さてこの国道24号線の交差点を渡ると深草から伏見へと地域が変わったような気がする。最初の信号のある交差点を西に折れる。明壽院(みょうじゅいん)庚申堂の初庚申の案内出ていたのでそれを見てみようというわけだ。多少なりともこういうガイドを書く場合話題やスポットが欲しい物である。左へ廻って100m先で○○をみてそれから右をとり△△を通過してから□□へ行ったばかりでは面白くないからやはり何を感じる物や珍しいものいい。さて大いに期待をしてあたりをうろついたのだが見当たらない、長年の路地裏探検で各地を廻っているのでそういうのを見つけだすのは結構うまい方なのだが、今回は鼻が利かなかったようだ。まああまり執着心のある方ではないのであっさり諦めて先へ進む事にする。

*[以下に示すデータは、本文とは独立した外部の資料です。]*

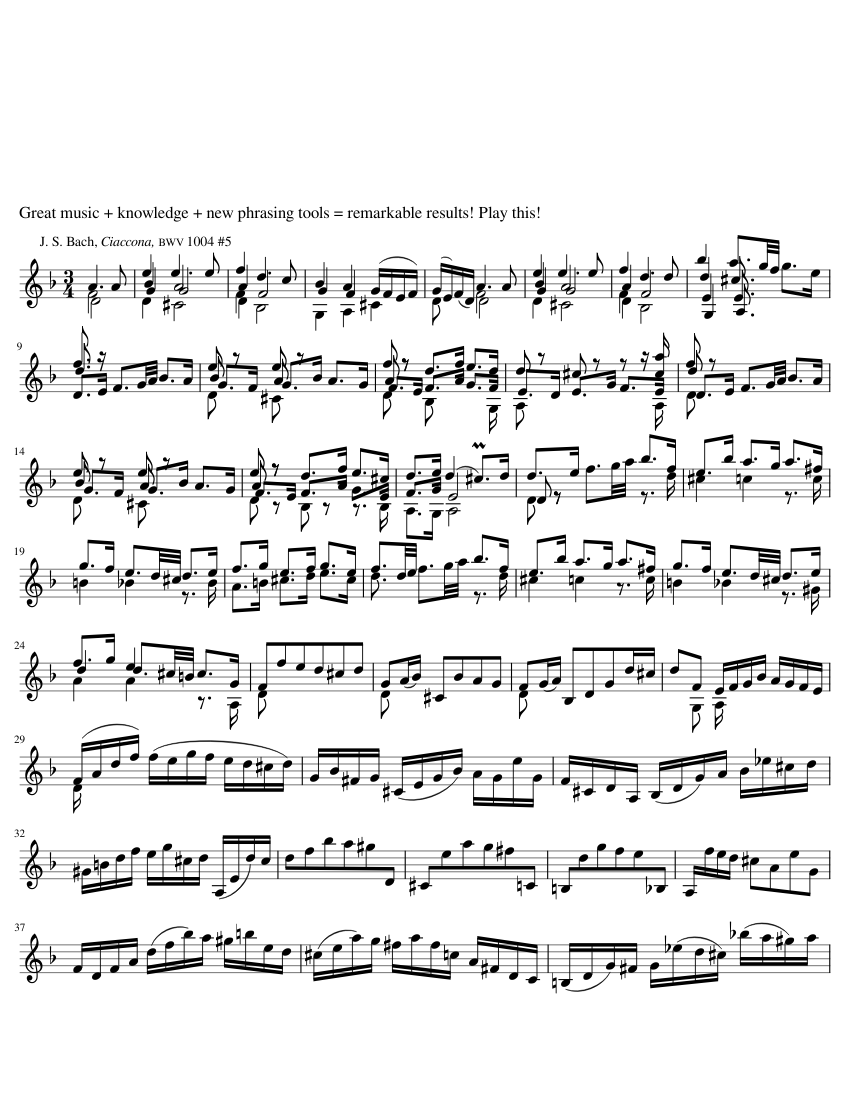 Violin Partita No.2 in D minor, BWV 1004 - Johann Sebastian Bach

琵琶湖疎水はインクライン跡を放水路で経て伏見の街中へ流れ込むと今までのような運河のような直線的風景ではなくどちらかいうと工場地帯の排水路のように街中をくねりながら流れる。名前を濠川と変わり一部は新高瀬川に分かれるので水量も少なくなる。とはいっても伏見にとってこの川は大変重要な意味がありかつて京都の内港として栄えた伏見港の重要な水域であった。上方からの物資がここ伏見港で下ろされここから疎水をへて京都街中へ運ばれた。その後鉄道開通によってその役割を譲り、伏見の町はその豊かな水と京大阪という大きな消費地をもつなどの利点を生かし酒造りの町として再び栄える事になる。そして今その酒造りも以前よりも勢いがなくなり幾つかの酒蔵はマンションへと変わっていったようだ。酒蔵に混じり大型のマンションが大分増えてきたように思う。大手町の商店街からヤナ町商店街を越えてたどり着いたのが山本家本店その先には鳥せい、月の蔵人など昔の酒蔵を改造した呑み所がある。